EXTRACTED MATERIAL:
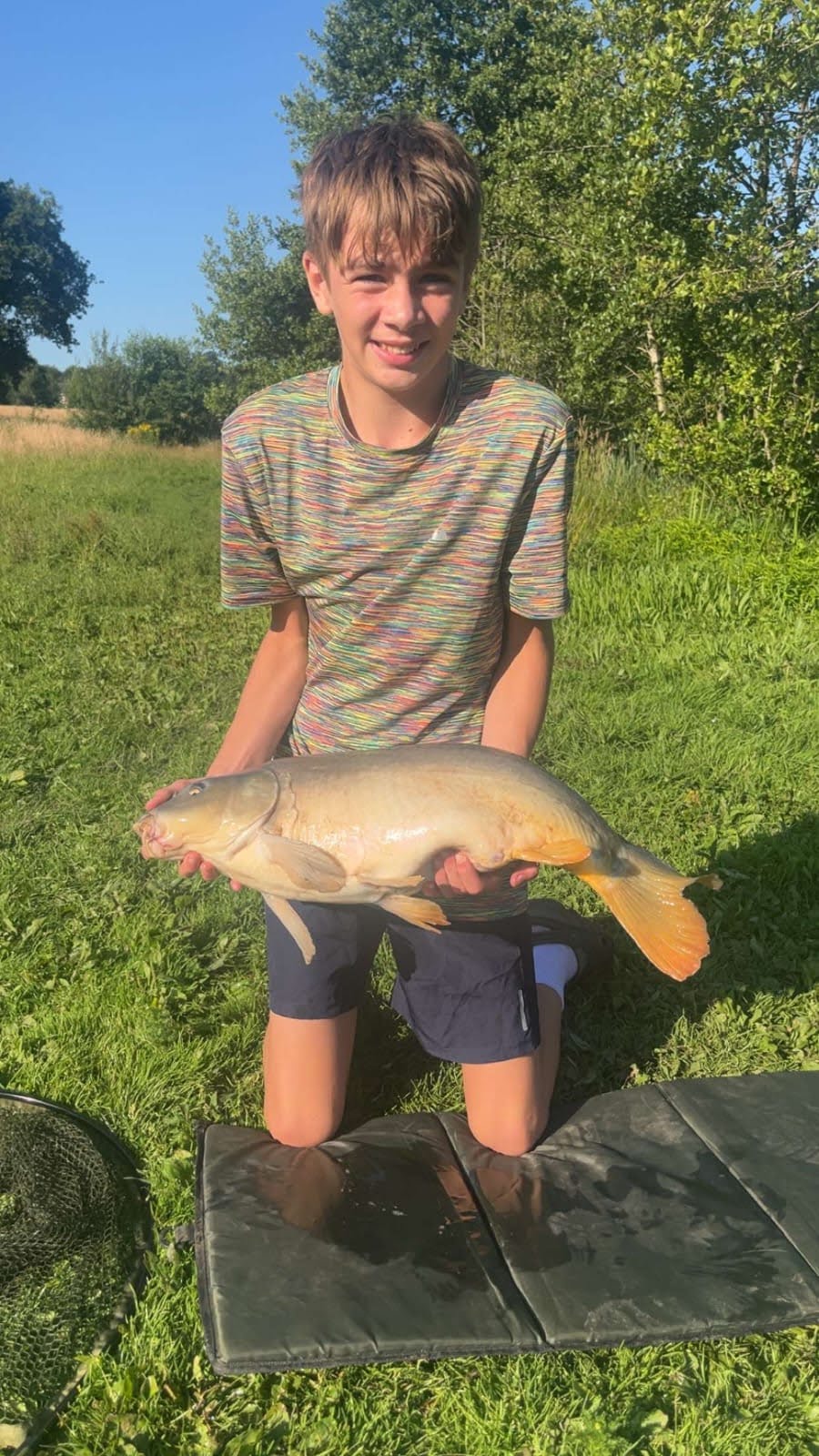 His family shared a picture of their son holding a large fish after a fishing trip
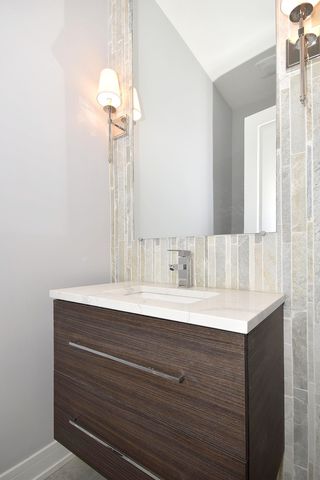 a bathroom with a tub sink and mirror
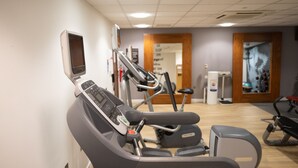 A gym with cardio machines, a treadmill, and a stationary bike. - Hampton by Hilton Corby/Kettering (Corby)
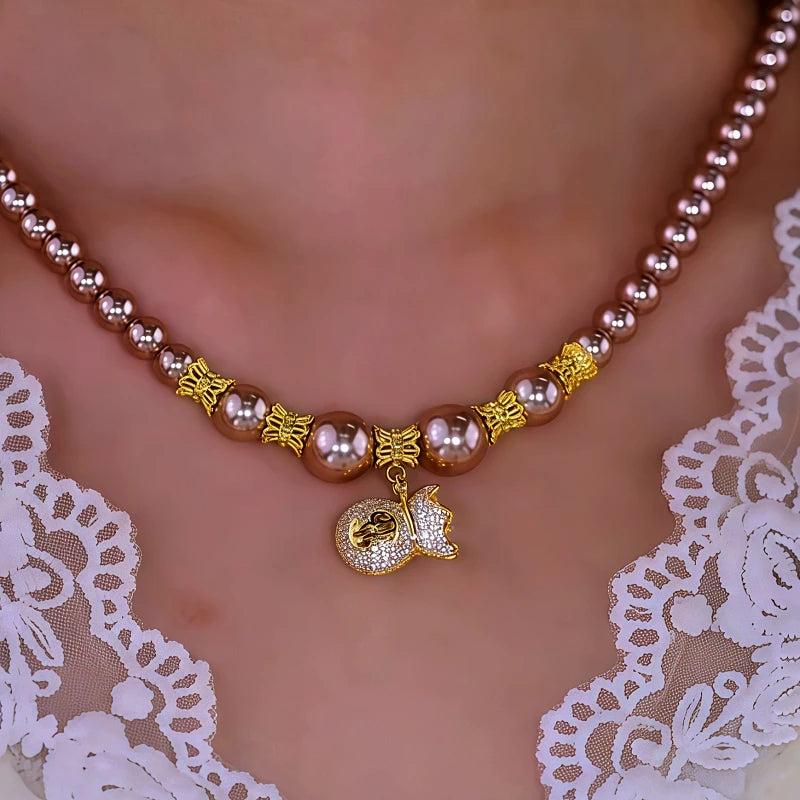 14K Gold-Plated Diamond Lucky Bag Pearl Necklaces worn to showcase its length and pendant detail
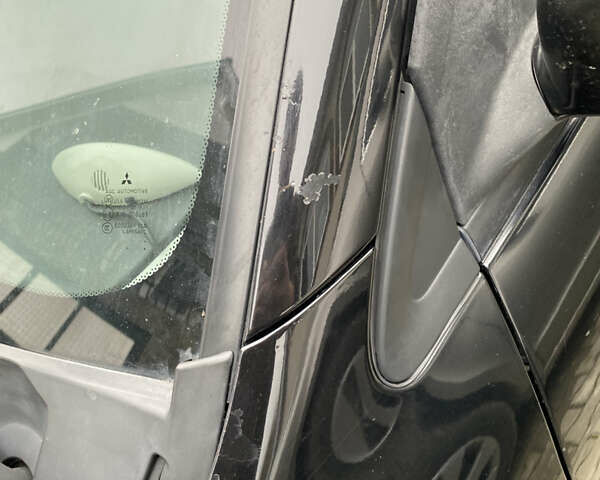 Чорний Міцубісі Lancer, об'ємом двигуна 1.58 л та пробігом 287 тис. км за 4750 $, фото 13 на Automoto.ua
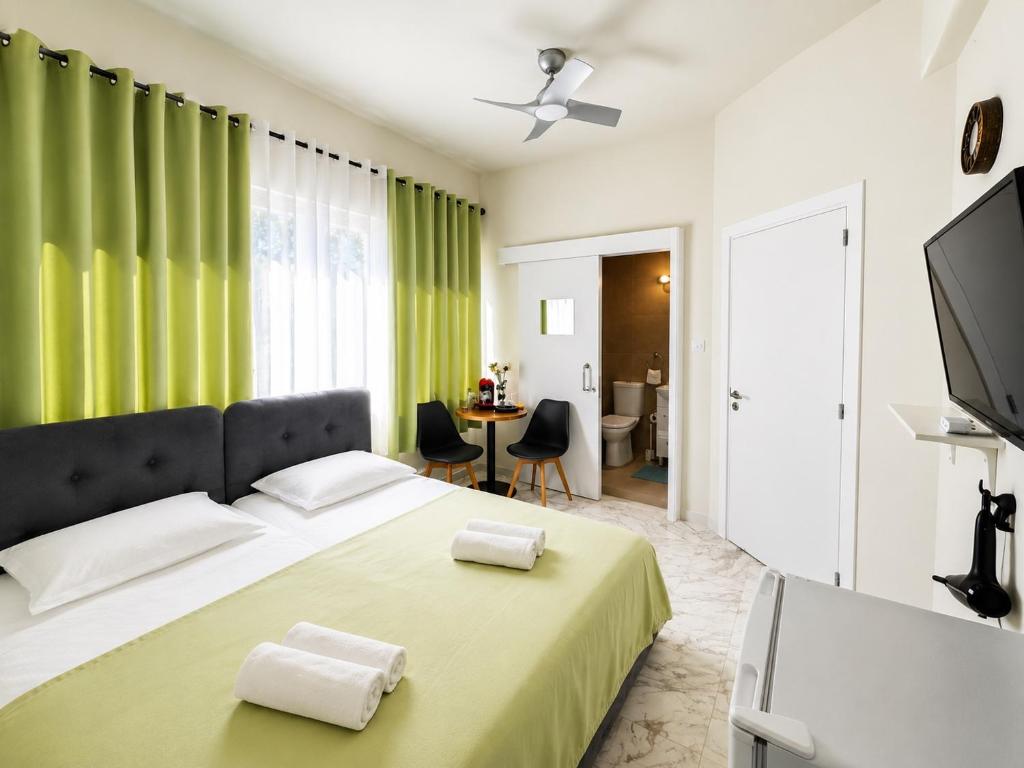 a bedroom with a large bed with green curtains at Smart Comfort RoomN3 with Private Bathroom in best Location Beach 250m in Limassol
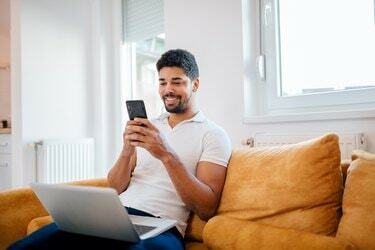 Насмејани слободњак мешане расе који користи паметни телефон и лаптоп док седи на софи.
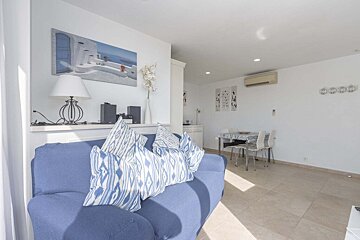 A bright, minimalist living room with a blue sofa, Santorini-style art, a dining table, and white walls, creating a clean, sunny space.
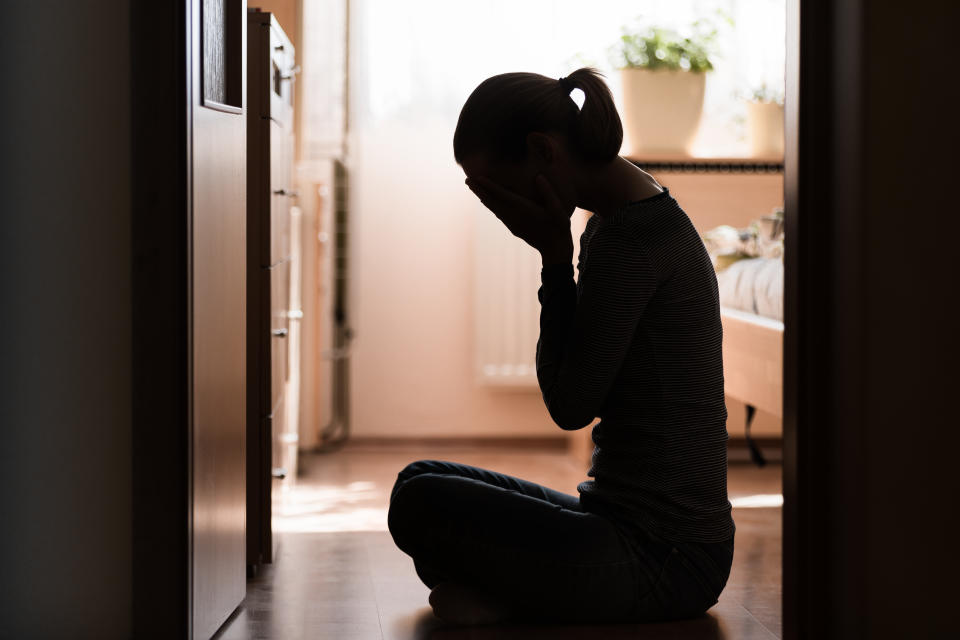 Sad young woman sitting on room floor crying with hand over face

WHAT TO PRODUCE: Would you retype the lines from the line containing "Насмејани слободњак мешане" to the final line of the entries above, exactly as given and without pictures?

WRITTEN REPLY:
 Насмејани слободњак мешане расе који користи паметни телефон и лаптоп док седи на софи.
 A bright, minimalist living room with a blue sofa, Santorini-style art, a dining table, and white walls, creating a clean, sunny space.
 Sad young woman sitting on room floor crying with hand over face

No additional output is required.